Mark Borg - my blog

Kaggle Shelter Animal Outcome Competition

Kaggle Shelter Animal Outcome Competition

 

In this blog I’ll go over some of my experiments on predicting the outcome of shelter animals. This work was done as my contributions to a competition on Kaggle.

One particular focus of this blog entry is on data exploration and feature engineering. This dataset had some interesting variables that needed some work before they could be used as predictor variables.

First of all, these are the machine learning algorithms that I tried out and the prediction accuracy obtained. Overall, my submission placed in the top 45% for this competition. This was my second time that I participated in a Kaggle competition.

Machine Learning algorithm Prediction Accuracy
SVM \(73.05\%\)
Random Forest \(67.09\%\)
Decision Trees \(60.78\%\)
SOM \(56.14\%\)

Aim

The aim of this competition is to predict the outcome of animals (cats and dogs) that are kept in an animal shelter.
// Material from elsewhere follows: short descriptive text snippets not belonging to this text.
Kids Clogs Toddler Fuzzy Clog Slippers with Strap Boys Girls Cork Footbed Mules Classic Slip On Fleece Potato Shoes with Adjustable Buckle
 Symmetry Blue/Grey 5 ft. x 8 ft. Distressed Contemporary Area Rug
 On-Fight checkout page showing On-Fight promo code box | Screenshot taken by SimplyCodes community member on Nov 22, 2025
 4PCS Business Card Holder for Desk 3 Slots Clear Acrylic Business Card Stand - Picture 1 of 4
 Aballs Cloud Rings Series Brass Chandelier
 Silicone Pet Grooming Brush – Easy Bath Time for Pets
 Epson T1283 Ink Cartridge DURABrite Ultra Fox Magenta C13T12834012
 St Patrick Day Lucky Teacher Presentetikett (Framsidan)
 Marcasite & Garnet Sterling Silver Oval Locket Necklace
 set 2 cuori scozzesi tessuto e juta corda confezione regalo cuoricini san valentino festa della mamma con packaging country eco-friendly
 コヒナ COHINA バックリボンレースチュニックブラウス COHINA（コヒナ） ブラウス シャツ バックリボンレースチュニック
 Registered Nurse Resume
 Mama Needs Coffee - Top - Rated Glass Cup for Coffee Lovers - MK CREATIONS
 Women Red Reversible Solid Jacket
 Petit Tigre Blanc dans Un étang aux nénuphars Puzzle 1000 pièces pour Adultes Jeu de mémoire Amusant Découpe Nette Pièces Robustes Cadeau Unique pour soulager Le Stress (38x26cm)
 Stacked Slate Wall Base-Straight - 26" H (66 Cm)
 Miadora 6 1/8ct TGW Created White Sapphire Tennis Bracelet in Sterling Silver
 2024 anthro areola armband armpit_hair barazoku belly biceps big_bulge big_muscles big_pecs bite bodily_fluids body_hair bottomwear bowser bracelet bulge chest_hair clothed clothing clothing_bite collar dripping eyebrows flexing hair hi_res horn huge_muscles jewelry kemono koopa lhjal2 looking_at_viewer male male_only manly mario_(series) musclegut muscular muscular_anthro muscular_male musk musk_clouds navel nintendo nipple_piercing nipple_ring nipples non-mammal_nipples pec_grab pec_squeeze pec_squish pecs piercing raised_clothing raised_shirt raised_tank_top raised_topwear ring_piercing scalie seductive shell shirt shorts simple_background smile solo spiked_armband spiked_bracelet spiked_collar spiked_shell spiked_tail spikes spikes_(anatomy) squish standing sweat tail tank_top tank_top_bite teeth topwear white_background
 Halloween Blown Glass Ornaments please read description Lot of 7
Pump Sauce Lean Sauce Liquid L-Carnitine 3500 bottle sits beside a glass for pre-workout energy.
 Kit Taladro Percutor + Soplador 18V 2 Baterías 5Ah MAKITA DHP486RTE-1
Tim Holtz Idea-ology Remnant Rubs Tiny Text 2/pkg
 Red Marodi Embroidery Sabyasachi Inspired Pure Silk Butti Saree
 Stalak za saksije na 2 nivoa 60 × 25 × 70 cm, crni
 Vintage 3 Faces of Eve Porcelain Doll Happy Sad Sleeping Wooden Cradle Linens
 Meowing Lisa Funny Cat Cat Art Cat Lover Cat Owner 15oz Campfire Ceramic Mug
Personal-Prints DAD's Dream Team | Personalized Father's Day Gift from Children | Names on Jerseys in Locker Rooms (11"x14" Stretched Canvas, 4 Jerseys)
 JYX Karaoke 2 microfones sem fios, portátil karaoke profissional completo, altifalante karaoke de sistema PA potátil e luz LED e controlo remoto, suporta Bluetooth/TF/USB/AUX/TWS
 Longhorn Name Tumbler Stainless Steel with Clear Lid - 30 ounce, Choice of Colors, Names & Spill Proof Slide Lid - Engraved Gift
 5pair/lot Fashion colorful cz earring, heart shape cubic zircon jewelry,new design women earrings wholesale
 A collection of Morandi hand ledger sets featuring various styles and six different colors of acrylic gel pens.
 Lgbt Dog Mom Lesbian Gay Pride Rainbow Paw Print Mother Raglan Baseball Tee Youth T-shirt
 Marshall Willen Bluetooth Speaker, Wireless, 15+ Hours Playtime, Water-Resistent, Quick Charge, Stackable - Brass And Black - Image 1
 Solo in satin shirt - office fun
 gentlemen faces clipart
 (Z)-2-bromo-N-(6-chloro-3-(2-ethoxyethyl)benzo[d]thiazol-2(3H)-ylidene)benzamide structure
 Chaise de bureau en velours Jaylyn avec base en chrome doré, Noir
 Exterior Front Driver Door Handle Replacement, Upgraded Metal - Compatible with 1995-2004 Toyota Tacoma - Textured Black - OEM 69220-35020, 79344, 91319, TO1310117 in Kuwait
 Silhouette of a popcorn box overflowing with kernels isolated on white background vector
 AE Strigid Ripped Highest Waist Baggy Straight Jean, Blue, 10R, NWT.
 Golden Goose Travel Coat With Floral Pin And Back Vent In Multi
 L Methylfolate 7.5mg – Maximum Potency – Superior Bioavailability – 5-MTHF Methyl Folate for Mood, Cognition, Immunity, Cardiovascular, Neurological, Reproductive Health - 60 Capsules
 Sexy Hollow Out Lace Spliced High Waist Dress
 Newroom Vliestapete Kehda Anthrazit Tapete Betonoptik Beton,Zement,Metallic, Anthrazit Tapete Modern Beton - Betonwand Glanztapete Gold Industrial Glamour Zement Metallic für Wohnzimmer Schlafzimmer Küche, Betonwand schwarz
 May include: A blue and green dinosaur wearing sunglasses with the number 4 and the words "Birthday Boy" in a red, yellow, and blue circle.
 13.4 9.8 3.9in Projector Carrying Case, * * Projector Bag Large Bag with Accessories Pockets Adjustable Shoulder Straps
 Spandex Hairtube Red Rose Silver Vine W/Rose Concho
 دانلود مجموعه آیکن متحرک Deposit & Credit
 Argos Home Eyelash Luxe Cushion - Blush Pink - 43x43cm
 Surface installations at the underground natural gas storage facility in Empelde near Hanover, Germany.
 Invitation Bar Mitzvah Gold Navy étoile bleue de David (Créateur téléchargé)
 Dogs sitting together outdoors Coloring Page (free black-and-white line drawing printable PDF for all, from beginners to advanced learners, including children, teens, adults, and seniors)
The outcome could be one of:

Raw Data

A sample of the training data is shown below:

trn <- read.csv('train.csv.gz')
head(trn)

sample data

Data Exploration

In the training dataset, there are more dogs than cats:

barplot(table(trn$AnimalType), horiz=TRUE, col=c("lightblue", "red"))

Count by AnimalType

And the training data is not balanced by OutcomeType. Fortunately for the animals, not many of them are euthanised.

By OutcomeType

The following barplot shows the OutcomeType split by cats and dogs:

sweep(table(trn$OutcomeType, trn$AnimalType), 2, 
	   colSums(table(trn$OutcomeType, trn$AnimalType)), "/")

barplot(table(trn$OutcomeType,trn$AnimalType), 
	    col=c('red','yellow','orange','green','blue'), legend=TRUE)

By OutcomeType by animal By OutcomeType by animal

Note that many more dogs are returned to their owners than cats (\(27\%\) for dogs versus \(5\%\) for cats). Rate of euthanasia is approx the same. Rate of adoption is approx the same. Many more cats are transferred than dogs (\(49\%\) against \(25\%\)). Slightly more cats have died than dogs (\(1\%\) against \(<0.5\%\)).

Data Cleanup

We do some cleanup of the data. For example, the variable SexuponOutcome has both empty values and values with the word Unknown – these mean the same thing.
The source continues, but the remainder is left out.